Event_

The future of environmental justice

Reflecting on the meaning, and potential, of environmental justice as an idea, as an organising discourse, and as a political demand.

Environmental justice has been one of the central organising discourses of environmental and climate change movements over the last 30 years. While initially focused on the inequity of the distribution of environmental bads (and goods), especially as they impacted poor communities and communities of colour in the US, the idea has expanded to take on a broad range of issues, and a range of demands for justice, in movements across the globe.

The idea of, and movements around, environmental justice continue to grow. From lead contamination of water in Flint, to infringement of Aboriginal rights for coal mines in Queensland, to the impacts of climate change on vulnerable communities in the global south, environmental justice is embraced as a powerful organising discourse and demand.

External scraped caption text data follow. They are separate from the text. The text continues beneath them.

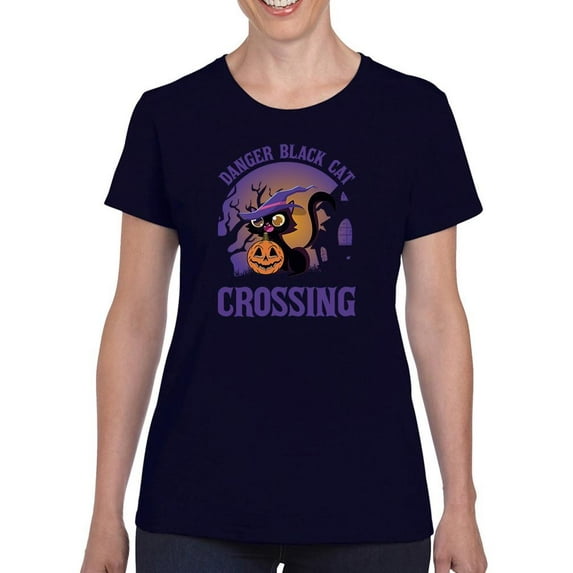 Spooky Witch Hat Kitten T-Shirt Women -Image by Shutterstock, Female 5X-Large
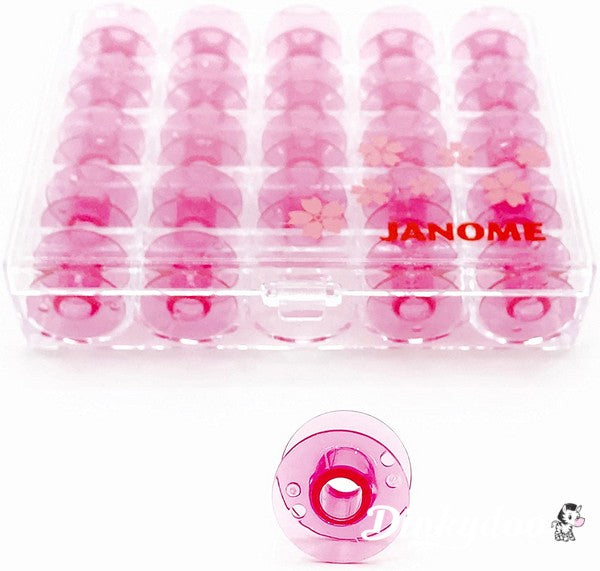 Janome Bobbin Case in Pink with 25 Bobbins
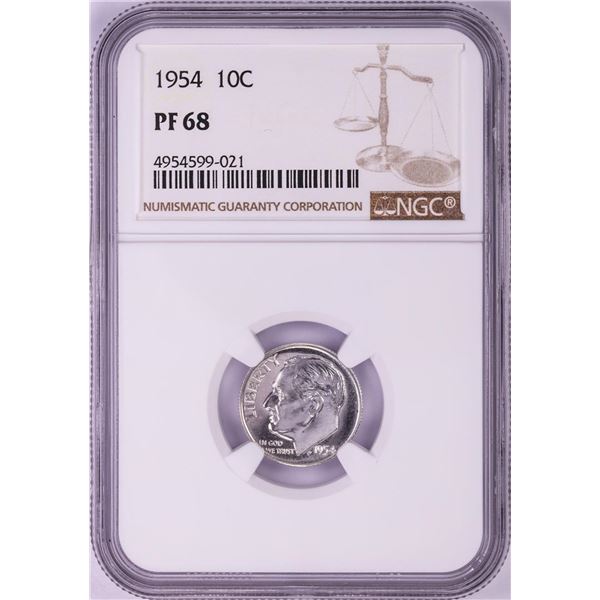 1954 Proof Roosevelt Dime Coin NGC PF68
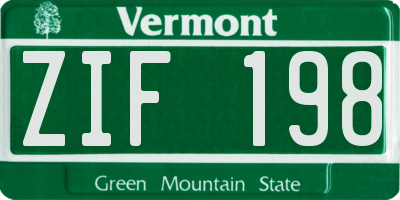 VT license plate ZIF198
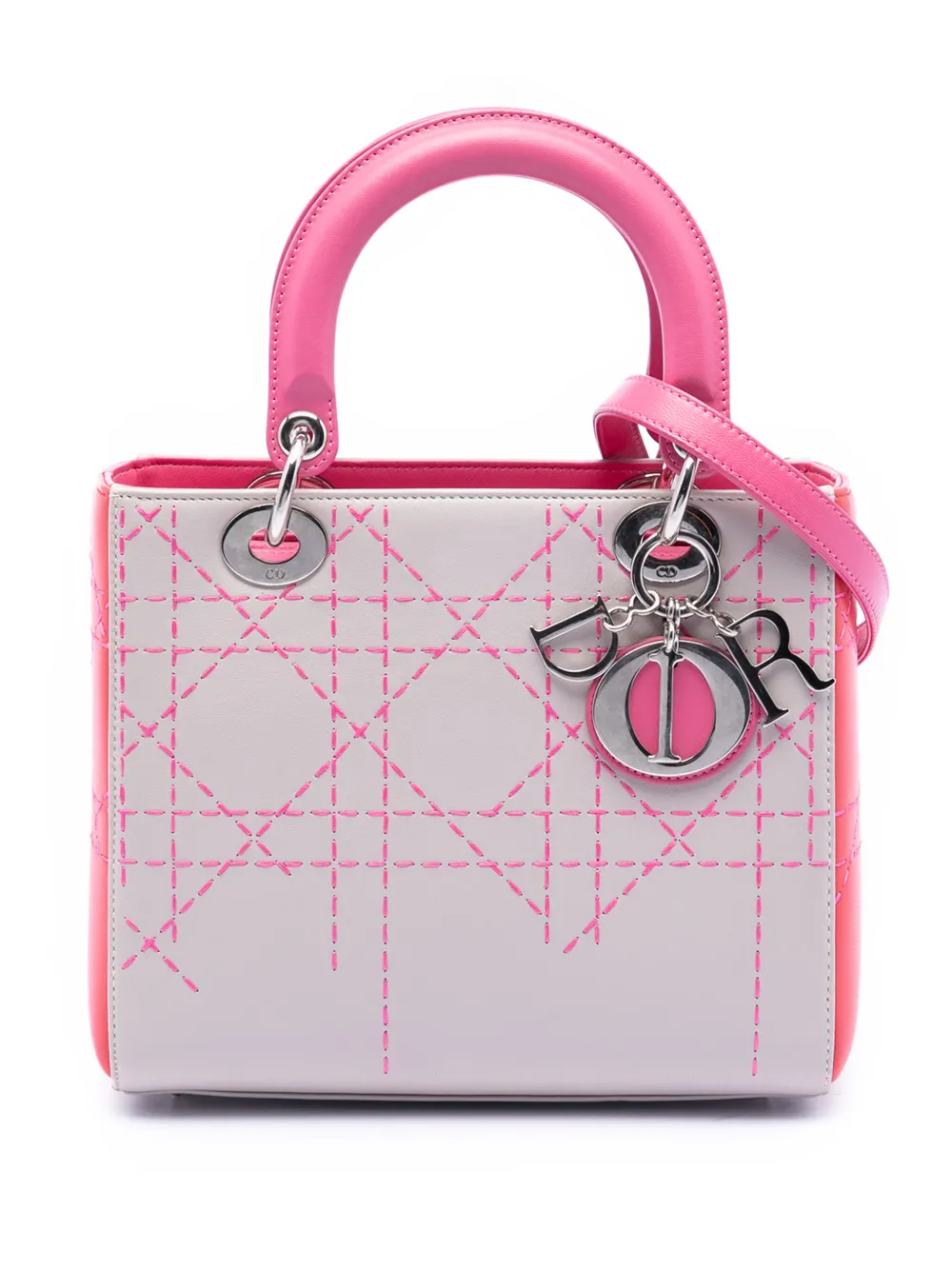 Christian Dior Pre-Owned 2014 Medium Tricolor Lambskin Macrocannage Stitched Lady Dior satchel - Grigio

What is the future of Environmental Justice? What are some current trends and directions in both scholarship and activism? How can the idea of environmental justice be used to respond to new and ongoing environmental crises – and continued economic and political power arrayed against safe, just, and sustainable environments?

This panel, made up of both longstanding leaders in environmental justice scholarship and new important voices, reflects on the meaning, and potential, of environmental justice as an idea, as an organising discourse, and as a political demand.

This event was held at the University of Sydney on Tuesday 7 November 2017 in partnership with Sydney Ideas as part of the Environmental Justice Conference 2017.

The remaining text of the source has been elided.